Alcohol companies push back against UK health warnings

Group formed in response to government’s revamp of drinking guidelines

By Saabira Chaudhuri/ Wall Street Journal

The Alcohol Information Partnership has been formed in response to new UK guidelines suggesting men and women cap their drinking at the same amount and warning that there is no safe level of drinking The world’s biggest alcohol companies have banded together to fight British government warnings about the dangers of drinking, funding a group dedicated to ensuring “the debate in UK society around alcohol and alcohol misuse remains balanced.”

The formation of the group, called the Alcohol Information Partnership, comes after the UK recently revamped its alcohol guidelines, suggesting men and women cap their drinking at the same amount and warning that there is no safe level of drinking. The alcohol industry has taken particular issue with the no-safe-level declaration.

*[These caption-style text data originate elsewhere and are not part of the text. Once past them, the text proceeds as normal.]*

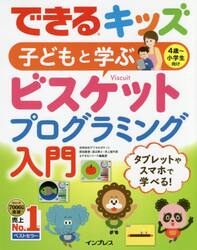 子どもと学ぶビスケットプログラミング入門　４歳〜小学生向け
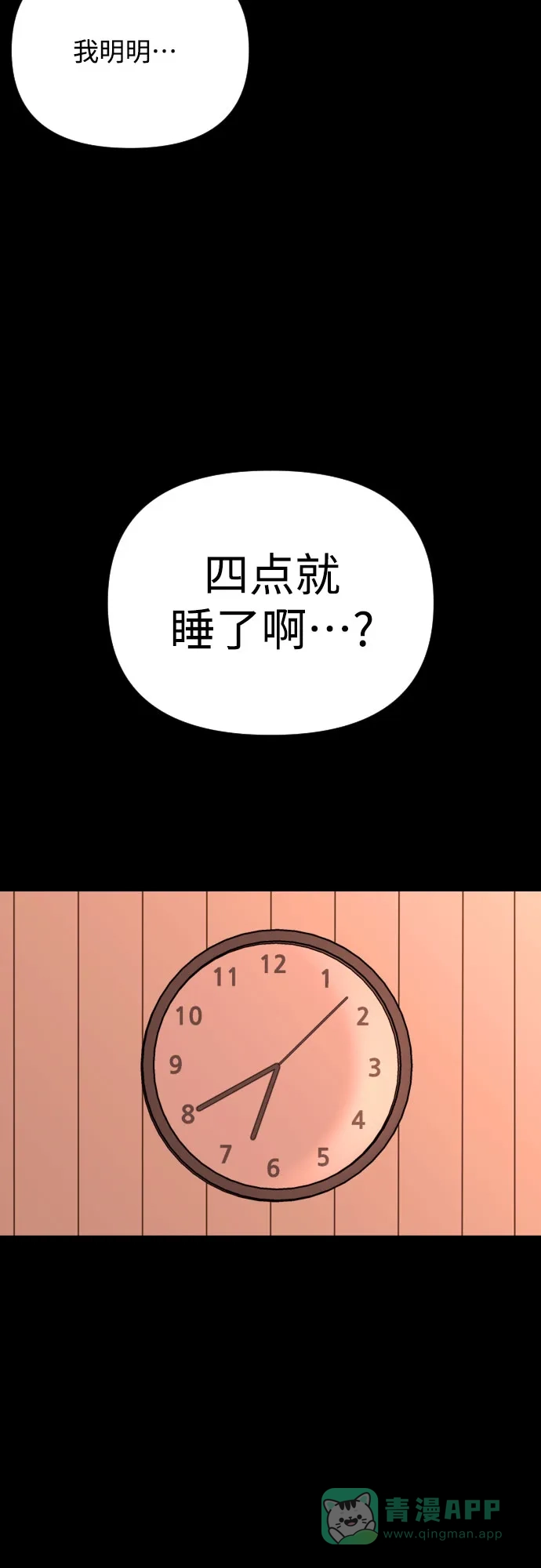 《请现身吧！》[第54话] 妨碍（2） 第52页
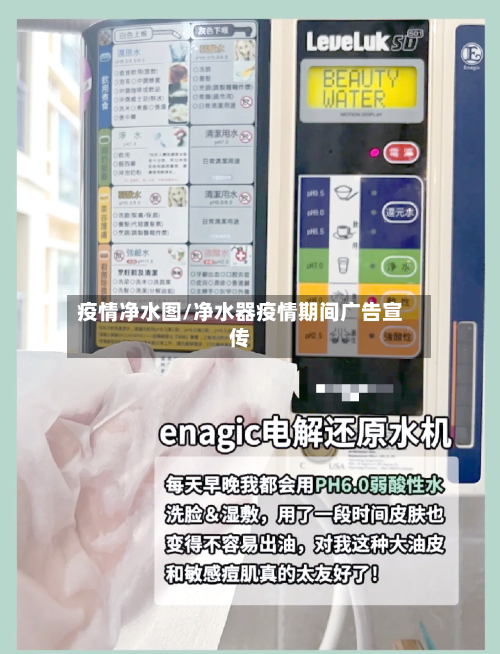 疫情净水图/净水器疫情期间广告宣传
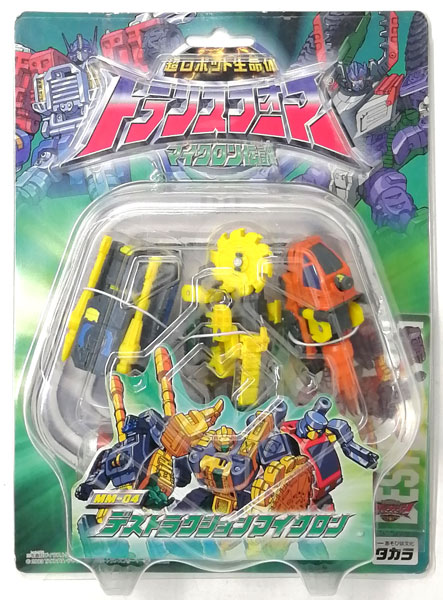 超ロボット生命体 トランスフォーマー マイクロン伝説 MM-04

“The debate has become increasingly imbalanced and characterized by poor representation of the evidence,” said Dave Roberts, director-general of the new partnership. “Too often the facts have been dramatized or exaggerated in order to scare people and skew the debate.”

Mr. Roberts, who is the founder of a UK-based communications consultancy and worked as an aide for former Labour Party economic spokesman Edward Balls, describes himself on his LinkedIn page as having a “proven track record of success working with leading organizations and global brands, in controversial arenas.” The new group is being funded by Diageo PLC, Pernod Ricard SA, Bacardi Ltd., Brown-Forman Corp., LVMH Moët Hennessy Louis Vuitton SE, Rémy Cointreau SA, Davide Campari-Milano SpA and Beam Suntory Inc.

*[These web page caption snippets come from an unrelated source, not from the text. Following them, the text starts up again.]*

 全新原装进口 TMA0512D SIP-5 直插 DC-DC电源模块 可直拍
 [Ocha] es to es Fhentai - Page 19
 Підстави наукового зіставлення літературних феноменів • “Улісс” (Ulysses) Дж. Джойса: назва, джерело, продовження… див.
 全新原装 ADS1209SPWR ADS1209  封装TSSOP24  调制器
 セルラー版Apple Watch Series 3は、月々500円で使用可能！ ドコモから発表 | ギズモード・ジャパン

The partnership won’t publish any research itself but plans to critique research it sees as unjustifiably skewed against alcohol. It also intends to highlight positive changes to drinking patterns in regularly released government data. While the London-based Wine and Spirits Trade Association already performs these functions, the new group will be solely focused on the debate around alcohol misuse. “We want to make sure the positive stories out there are heard,” said a spokeswoman for Diageo. Mr. Roberts said binge drinking is declining in the UK and that the “vast majority of people enjoy a drink responsibly.”

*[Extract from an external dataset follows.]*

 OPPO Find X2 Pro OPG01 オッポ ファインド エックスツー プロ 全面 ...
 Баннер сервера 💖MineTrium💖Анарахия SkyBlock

Alcohol bottles in the UK carry the old guidelines for now, recommending a maximum intake of three to four units a day for men, and two to three for women. The new guidelines recommend both men and women restrict their alcohol intake to no more than 14 units a week, equivalent to about six pints of beer or seven glasses of wine. Companies plan to meet with the UK Department of Health before deciding whether and how changes will be made. Labelling is a voluntary exercise, although most companies include the guidelines on their packages.

Pernod Ricard told reporters in London that it would consider moving all information about the guidelines off its bottles and onto a website. “A bold, blunt statement still remains within those guidelines which says, however, there is no safe level of alcohol consumption,” said Denis O’Flynn, Pernod’s UK managing director. “We don’t accept that position, so therefore, in that regard, we’re going to have to consider how we communicate with consumers.”